- [Task to complete]: Return only these lines: the one that contains "A male model" and every line after it through the end of the listing, exactly, without pictures.

- [Input data]:
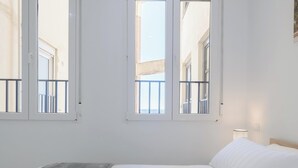 Une chambre à coucher avec un lit, deux fenêtres et une vue sur des immeubles.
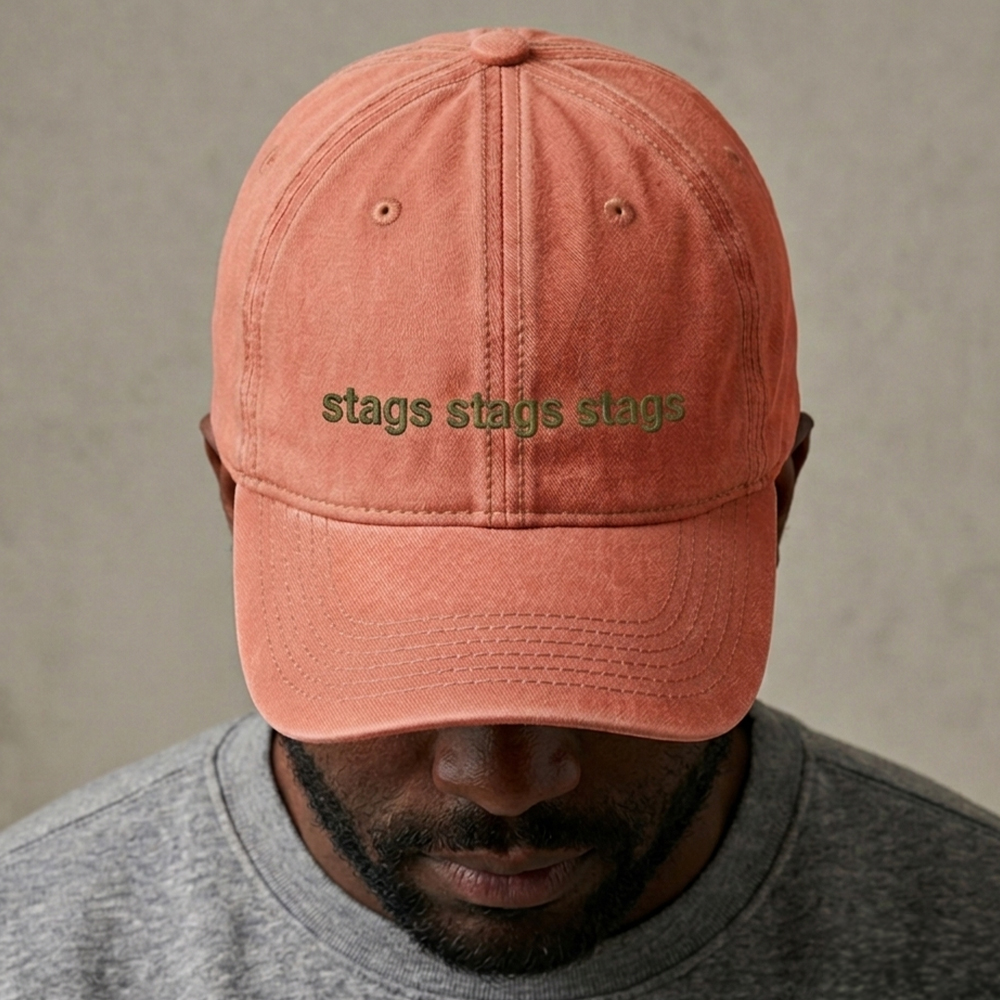 A male model wearing a premium custom stag do cap in orange that has been embroidered with stags stags stags in green text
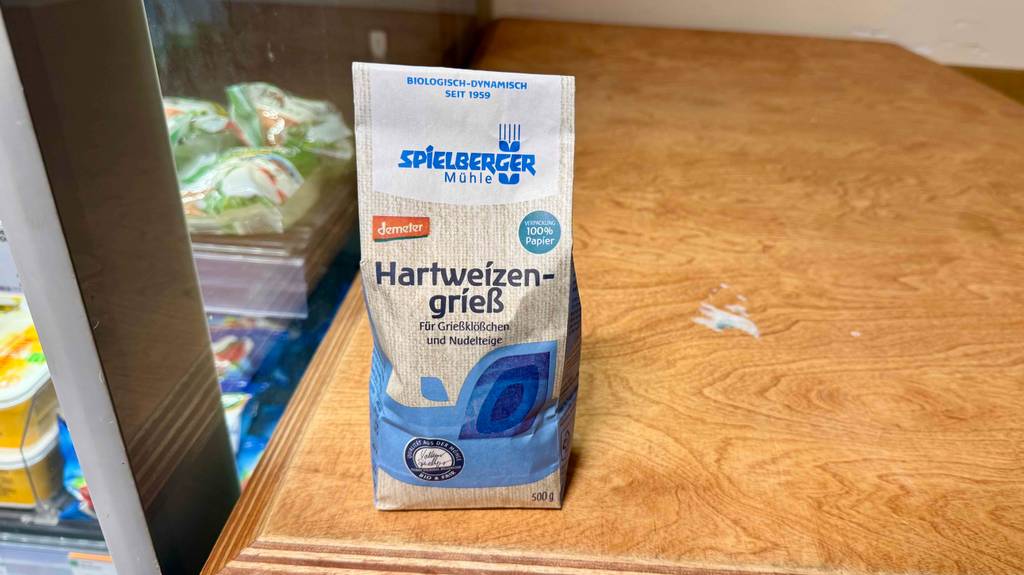 Hartweizengrieß im Test: Eine 500-g-Packung steht auf einer Holzfläche neben dem Kühlschrank eines Lebensmittelgeschäfts.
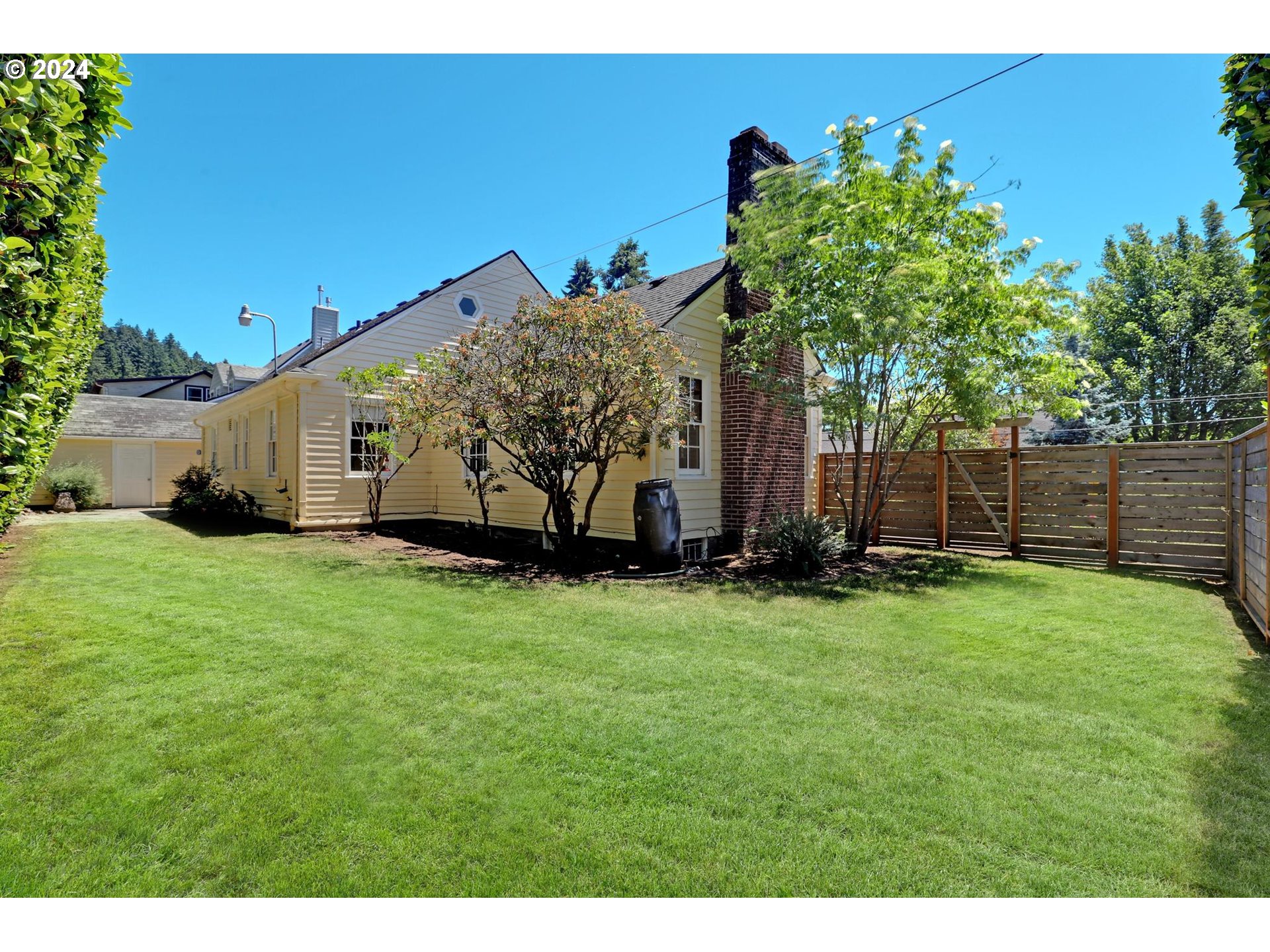 6003 Southeast Stephens Street Portland, OR 97215 - Photo 42 of 46 a front view of a house with garden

- [Answer space]:
 A male model wearing a premium custom stag do cap in orange that has been embroidered with stags stags stags in green text
 Hartweizengrieß im Test: Eine 500-g-Packung steht auf einer Holzfläche neben dem Kühlschrank eines Lebensmittelgeschäfts.
 6003 Southeast Stephens Street Portland, OR 97215 - Photo 42 of 46 a front view of a house with garden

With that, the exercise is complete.